Two school buses collided in Gwinnett County, Georgia, Monday morning, injuring several students who were on their way to take the Georgia State Criterion-Referenced Competency Test and sparking a local debate on the need for safety belts on school buses and better driver safety.
Authorities said that the crash occurred about 8:45 a.m. at an intersection in Norcross, Georgia, a city of about 11,000 people in the Metropolitan Atlanta area. A bus from Lilburn Middle School carrying 38 students drove into the back of a special needs bus carrying two children to Camp Creek Elementary School at the intersection. The Camp Creek bus was stopped while a third bus in front of it, which was not struck, loaded children.
Ten students from the Lilburn bus complained of neck and back pain and other injuries and were treated on the scene before being transported to a nearby hospital for treatment. Gwinnett Schools Public Schools officials grounded the drivers of both buses as a matter of district transportation protocol until investigators determined they were fit to drive.
Another bus picked up the uninjured students from the scene so they could make it to the standardized testing on time. The injured students will be permitted to take the test at a later date, a Gwinnett County School official told the Atlanta Journal-Constitution. Investigators announced that the driver of the Lilburn Middle School bus, whose name was not released, was found to be at fault in the collision because he or she was following the Camp Creek Elementary bus too closely.
The crash re-ignited a debate about the need for safety belts in school buses that started last October after a child in neighboring Douglas County was killed while riding the bus. The National Coalition for School Bus Safety, one of the nation’s strongest advocates for seatbelts on school buses, says that the basic design of the school bus has not changed since 1977.
The incident also drew attention to the qualifications of bus drivers themselves.
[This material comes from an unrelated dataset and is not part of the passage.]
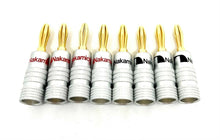 Load image into Gallery viewer, 8 X Gold Plated Banana Speaker Plugs Hi-Fi Pro Quality Red/Black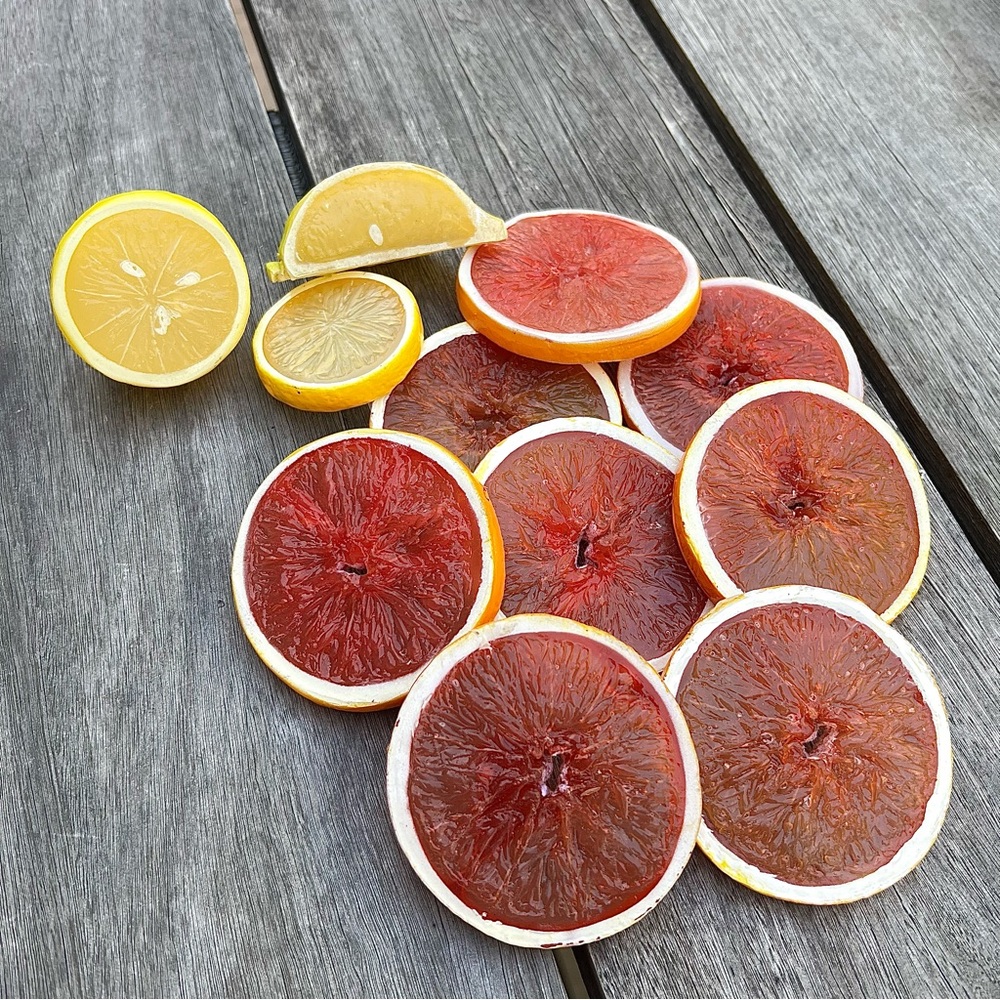 Vintage Realistic Rubber Pink Grapefruit Slices and Lemon Faux Citrus Fruit MCM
School bus drivers typically must receive more testing in safety regulations, laws, and behind-the-wheel training than any other professional drivers. Considering these strict standards, why would the Lilburn bus driver dangerously tail another school bus on a busy school morning?
Each year, nearly half a million school buses transport more than 23.5 million children to school. Those 450,000-plus school buses travel about 4.3 billion miles annually. Forty people die each year in school-bus related accidents.